Start of RECORDS FOR THIS TASK

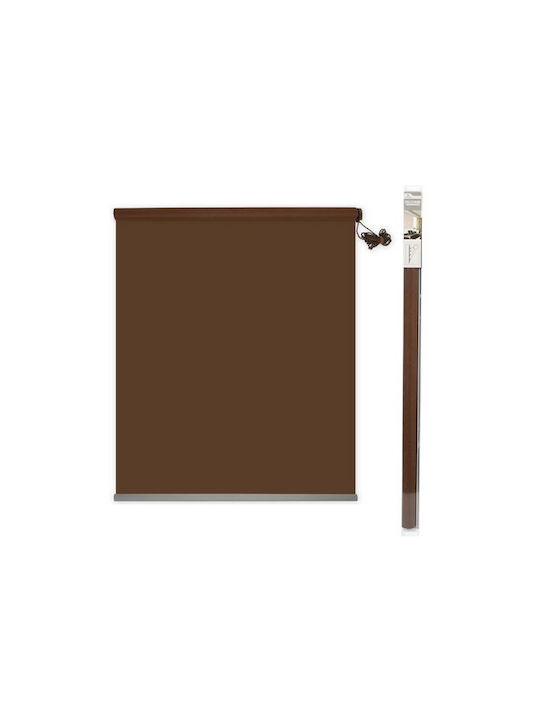 Roller Blinds Brown W150xH180cm 10828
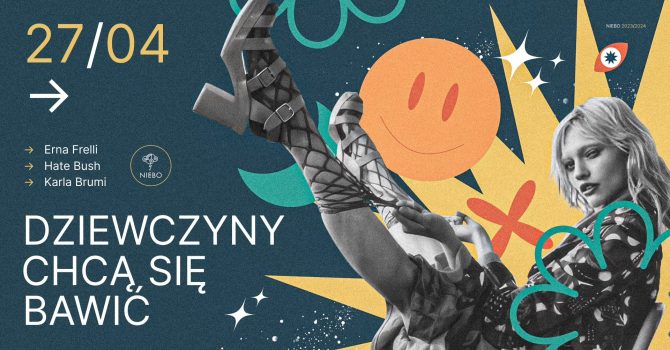 Dziewczyny chcą się bawić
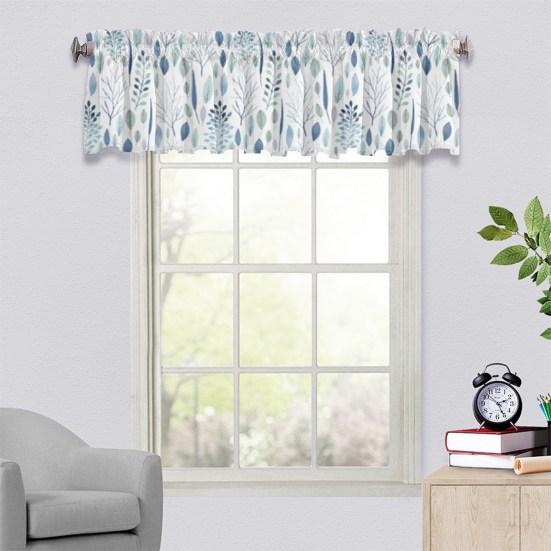 Оконные занавески, фильтрующие свет, изысканный узор, мягкие, гладкие, износостойкие, моющиеся, занавески с цветочным принтом, орнамент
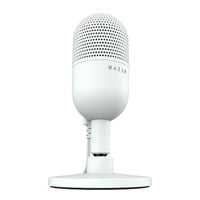 razer mikrofon gamingowy seiren v3 mini, biały
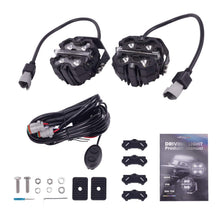 Lataa kuva Galleria-katseluun, LED-työvalo 160W RGB DRL Valkoinen/Keltainen 3,5" SUV ATV Marine Vene IP68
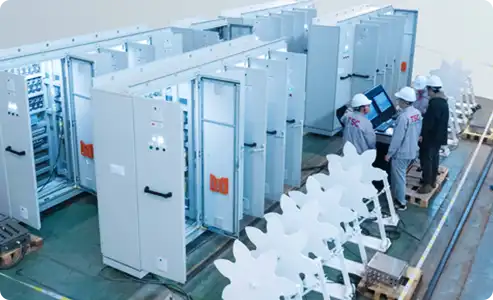 How do VFD jacking controls benefit wind installation vessels?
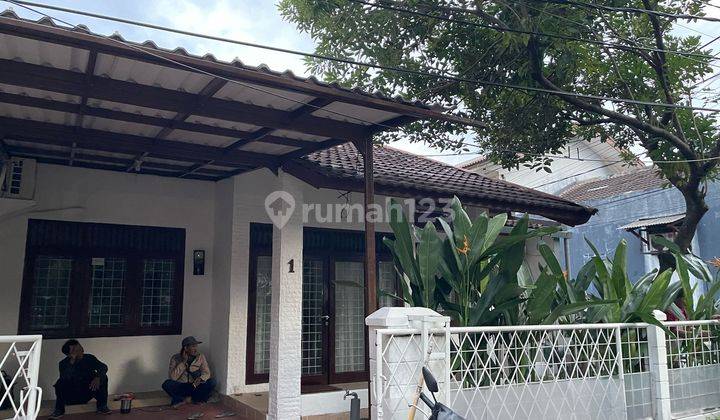 Disewakan Rumah 1 Lantai ada AC Siap Huni di Bintaro Sektor 4  1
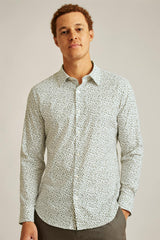 Tech Button Down Shirt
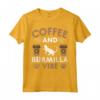 Cat Owner & Barista Motif - Coffee & Burmilla Cat Maglietta - Design unico per amanti dei gatti Burmilla e del caffè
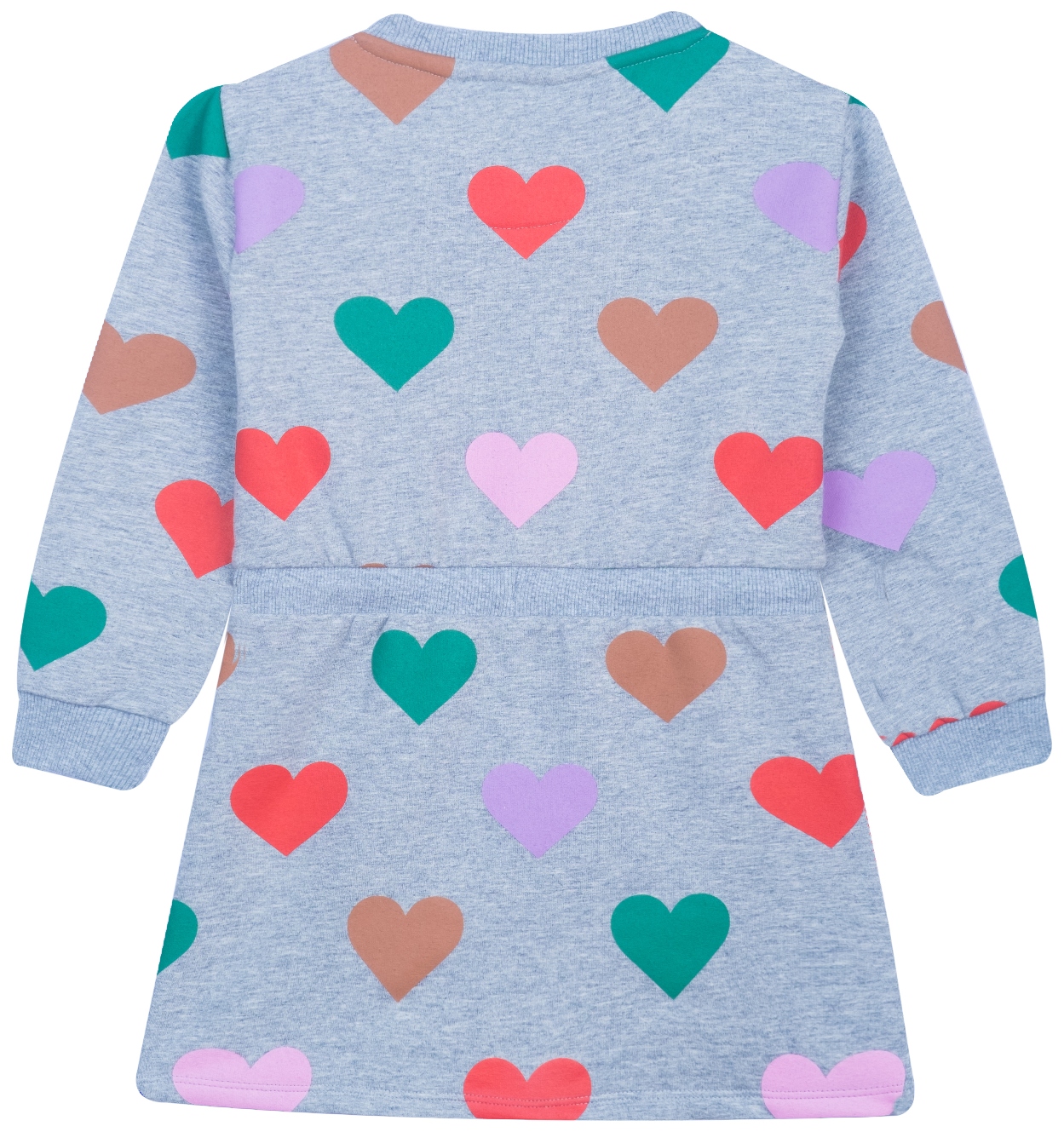 Someone Kleid langarm grey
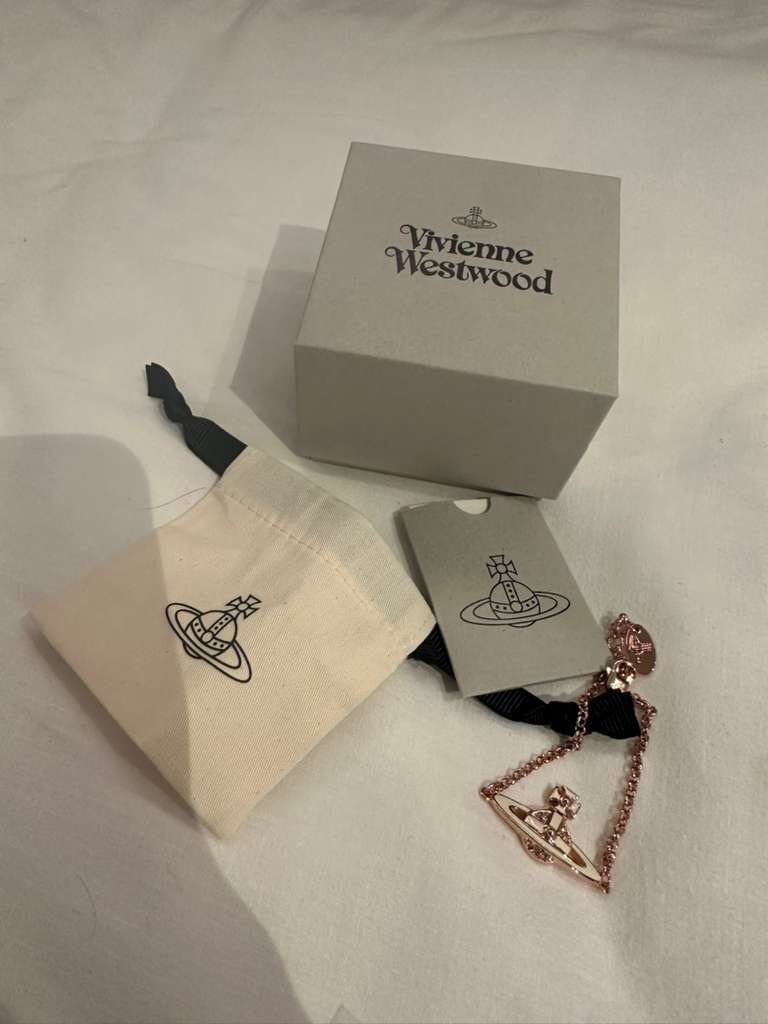 【直播】Vivienne Westwood LL110554 琺瑯行星手鏈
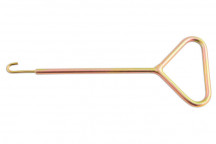 LASER Motorcycle Spring Hook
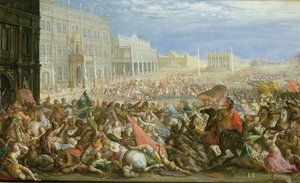 A franciák zsákmánya alkotó: Vitus Heinrich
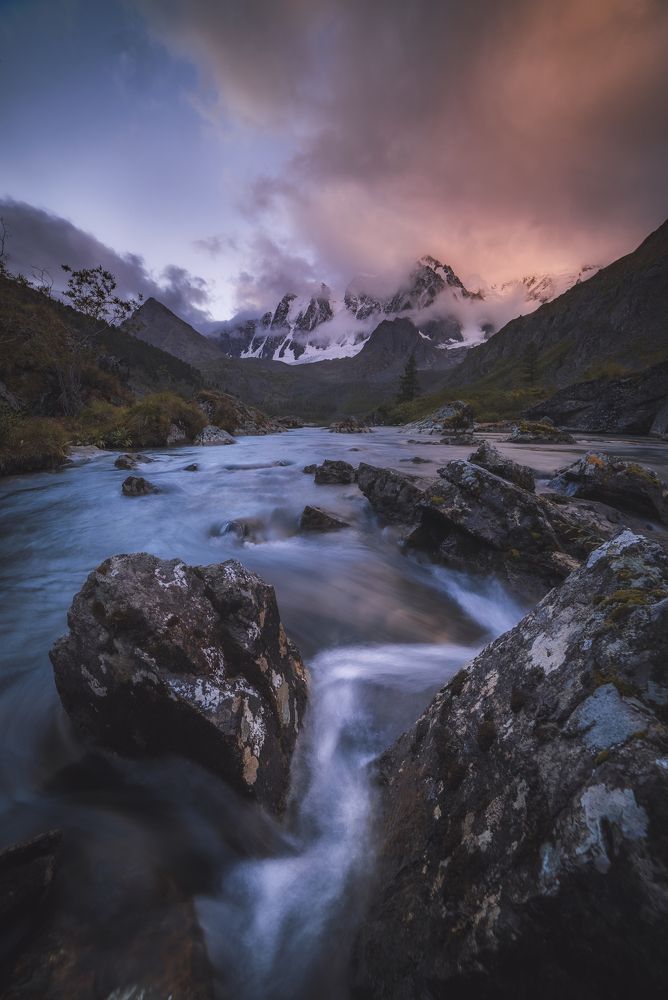 Шавлинский закат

End of RECORDS FOR THIS TASK

WHAT TO PRODUCE: Images are to be omitted; repeat the remaining data above exactly.

ANSWER TO THIS PROBLEM:
 Roller Blinds Brown W150xH180cm 10828
 Dziewczyny chcą się bawić
 Оконные занавески, фильтрующие свет, изысканный узор, мягкие, гладкие, износостойкие, моющиеся, занавески с цветочным принтом, орнамент
 razer mikrofon gamingowy seiren v3 mini, biały
 Lataa kuva Galleria-katseluun, LED-työvalo 160W RGB DRL Valkoinen/Keltainen 3,5" SUV ATV Marine Vene IP68
 How do VFD jacking controls benefit wind installation vessels?
 Disewakan Rumah 1 Lantai ada AC Siap Huni di Bintaro Sektor 4  1
 Tech Button Down Shirt
 Cat Owner & Barista Motif - Coffee & Burmilla Cat Maglietta - Design unico per amanti dei gatti Burmilla e del caffè
 Someone Kleid langarm grey
 【直播】Vivienne Westwood LL110554 琺瑯行星手鏈
 LASER Motorcycle Spring Hook
 A franciák zsákmánya alkotó: Vitus Heinrich
 Шавлинский закат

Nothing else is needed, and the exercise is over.